Fortunately, the Charlotte County government's systems seem to be up and running, though I have not heard from the County school system yet, which isn't unusual, since the schools there are closed until Aug. 30. The library, where I once volunteered, was already closed for remodeling this summer when the storm hit.

Still, if you are so inclined, there may be volunteers needed as the private sector gets back on their feet. According to Scott Graham, Dir. of Information Services for the Charlotte County Property Appraiser's office, "If you are interested in helping businesses recover, your best contact may be the volunteer connection at (941) 496-8466."

Community is one thing Linux has in spades, and pulling together and lending a hand is one of the best aspects of a community.


While putting together some efforts for Florida, I did get some work done this week. I managed to meet with some local businessmen who are in the process of putting together a Linux-based company. They're still in the early stages of formation, so I'll honor their request for anonymity for now.

When I was interviewing them, they in turn were interviewing me, trying to get the lay of the corporate Linux land. Of particular interest was a question brought up by one of the managers of this company, who was an old UNIX hand (he even once was a reseller for SCO(!), which made me guard my food carefully). While he was sold on the message of his current employer, he was worried about someone else would look at the products and services they will be providing in the near future and saying "well, I could do that better"--and then promptly go off and do just that.

I felt compelled to give an answer to that, which I'll share with you.

This gentleman's concern was not without merit. People who use Linux, at least in my experience, tend to be do-it-yourselfers. Since we know the systems we use fairly well, we're more than willing to try to accomplish tasks on them solo before calling in for more help. So, it is not beyond the realms of possibility that someone would look at a new Linux product and say "hey, I could do that myself." The very nature of open source and free software allows for that.

But does it encourage it? Does having access to the source code make it more likely that someone will come along and try to build a better mousetrap?

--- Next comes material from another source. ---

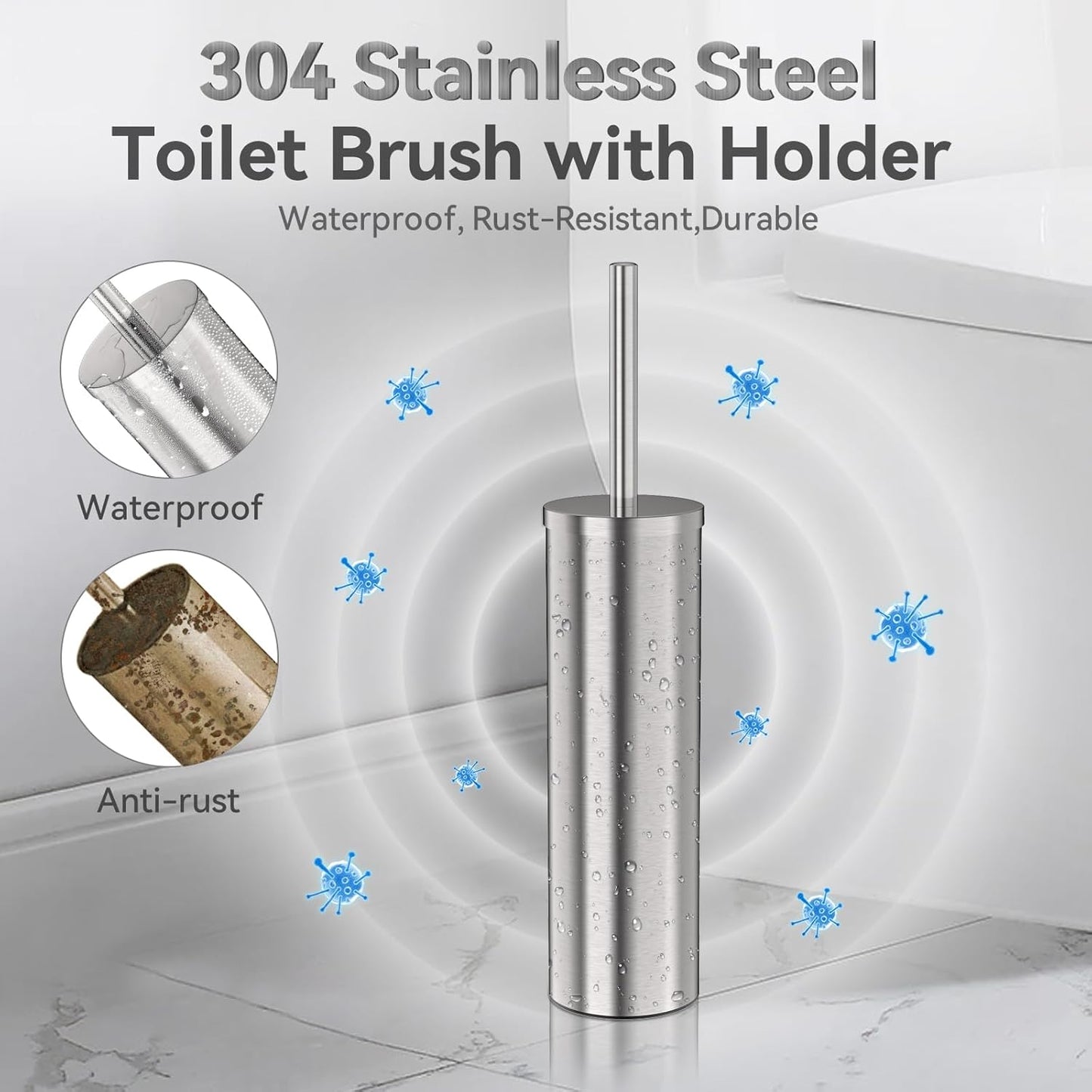 DOWRY Stainless Steel Freestanding Toilet Bowl Brush and Holder with Long Handle for Bathroom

My answer yesterday was "no." I don't believe that having the code is automatically going to attract software "claim jumpers." It could, make no mistake, but the very nature of the GPL makes it really difficult for someone to outright steal a piece of code. If it ever gets tested in court, then it will probably become impossible.

As for stealing an idea, something which is not necessarily licensed, then that is a risk that any business is going to have to run. Any marketplace is full of knockoffs of products all the time. What matters is that a product is the best, not if it was first (though that helps).

I do not believe in the open source business model as an independent thing separate from the rest of the economy. There are some small differences when a company is devoted to open source technology--adjustments that they have to make. But vastly different? No.

These adjustments include paying attention to things like quality, customer support, responsiveness to change, and relationships to customers. Boy, those are radical concepts, aren't they?